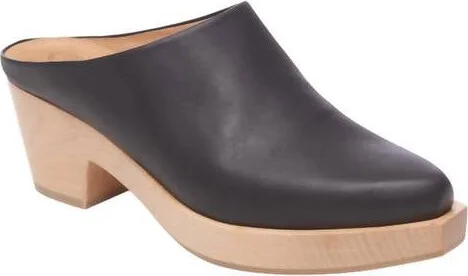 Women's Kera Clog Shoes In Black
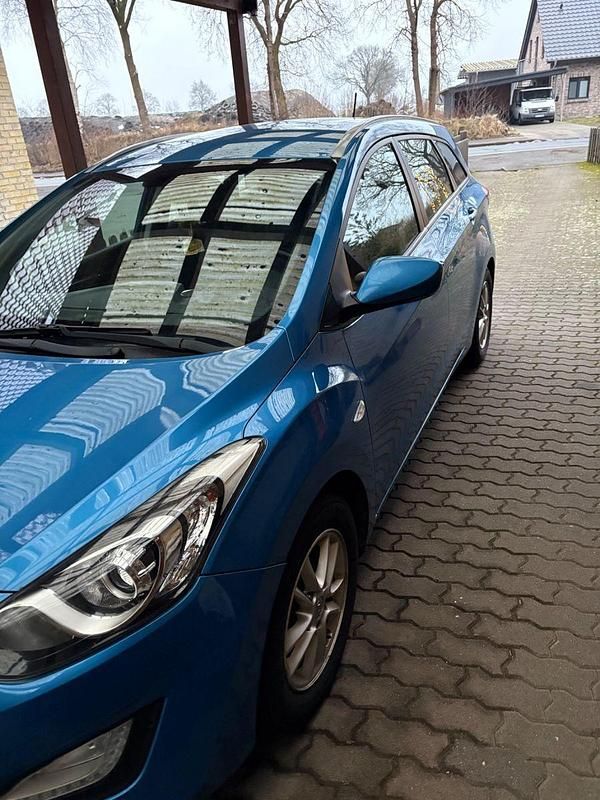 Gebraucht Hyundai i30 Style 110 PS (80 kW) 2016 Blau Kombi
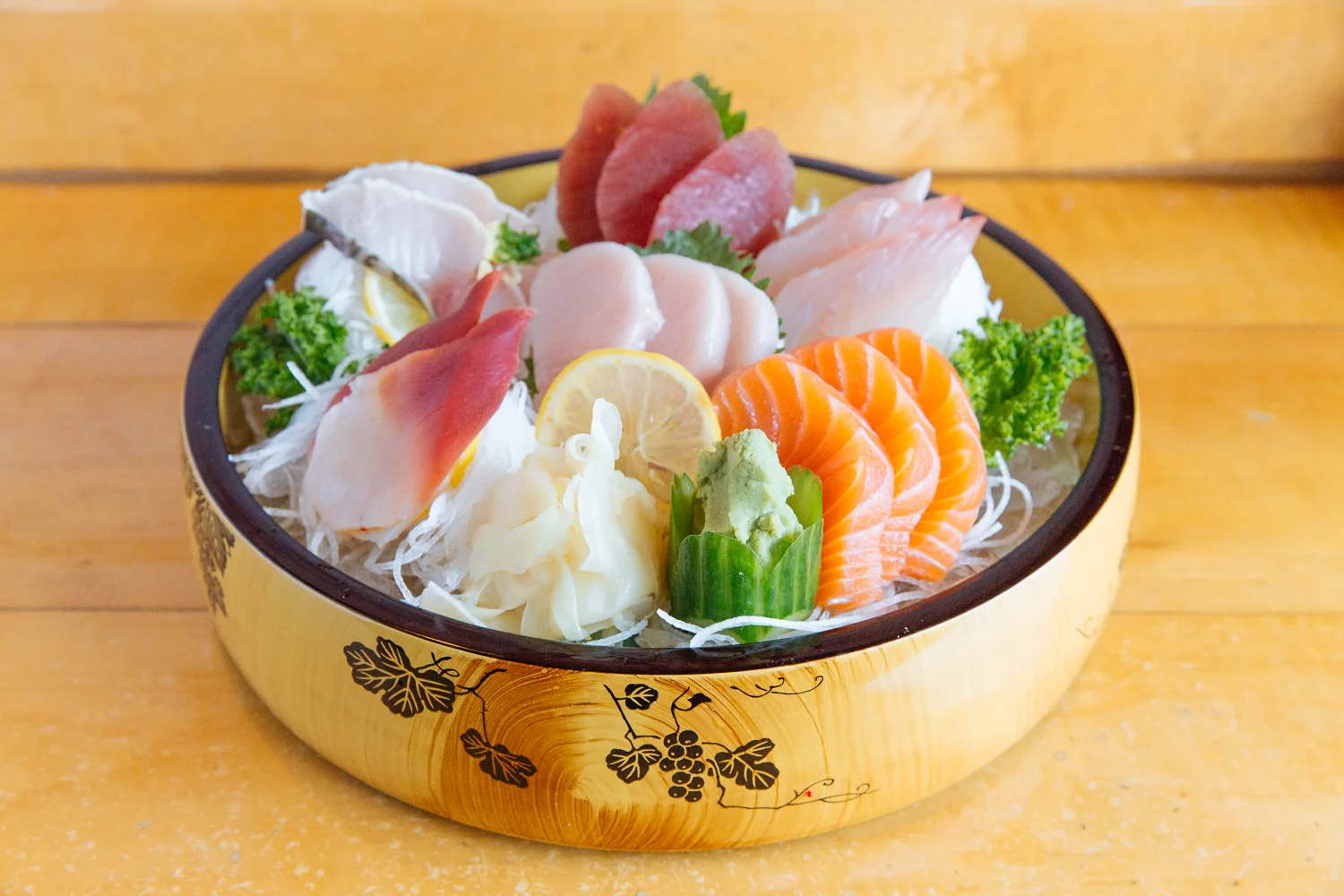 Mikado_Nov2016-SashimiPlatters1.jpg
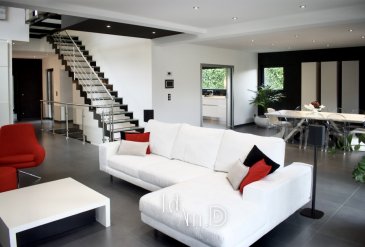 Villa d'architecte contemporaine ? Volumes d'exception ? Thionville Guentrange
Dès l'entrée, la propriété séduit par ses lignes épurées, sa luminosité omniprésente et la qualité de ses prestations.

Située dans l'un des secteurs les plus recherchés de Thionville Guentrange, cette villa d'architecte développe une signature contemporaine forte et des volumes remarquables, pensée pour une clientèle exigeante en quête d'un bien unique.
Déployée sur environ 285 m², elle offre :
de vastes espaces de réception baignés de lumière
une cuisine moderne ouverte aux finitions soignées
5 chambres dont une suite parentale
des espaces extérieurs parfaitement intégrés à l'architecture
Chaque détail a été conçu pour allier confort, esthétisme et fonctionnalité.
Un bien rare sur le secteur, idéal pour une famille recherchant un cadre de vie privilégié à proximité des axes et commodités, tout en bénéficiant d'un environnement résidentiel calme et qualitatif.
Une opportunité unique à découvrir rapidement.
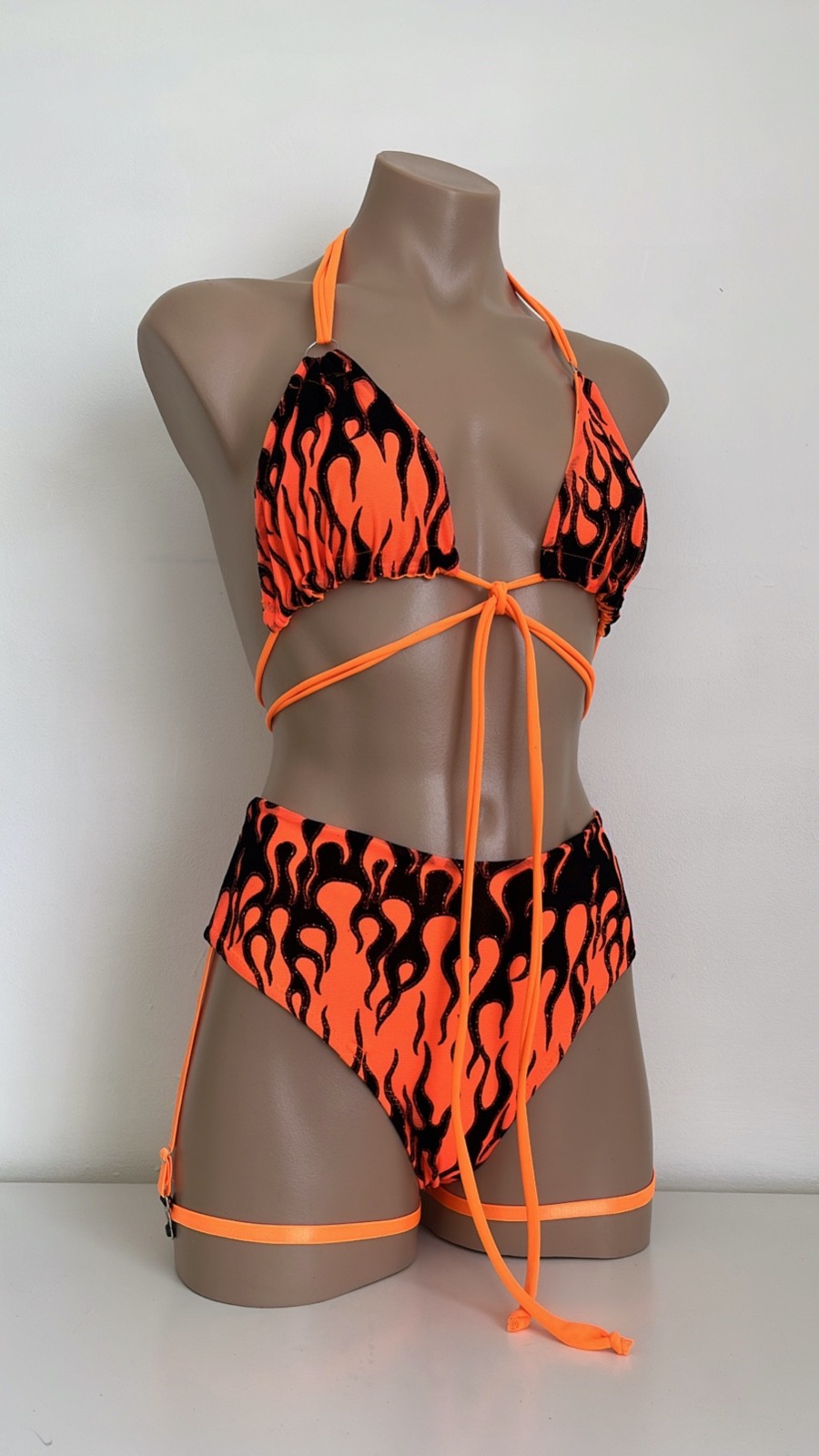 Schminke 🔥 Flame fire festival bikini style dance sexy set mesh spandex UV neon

____________________

▶ _What you are asked to do_
From the entries above, select each line containing the string "bien".

▶ _Solution below_
Située dans l'un des secteurs les plus recherchés de Thionville Guentrange, cette villa d'architecte développe une signature contemporaine forte et des volumes remarquables, pensée pour une clientèle exigeante en quête d'un bien unique.
Un bien rare sur le secteur, idéal pour une famille recherchant un cadre de vie privilégié à proximité des axes et commodités, tout en bénéficiant d'un environnement résidentiel calme et qualitatif.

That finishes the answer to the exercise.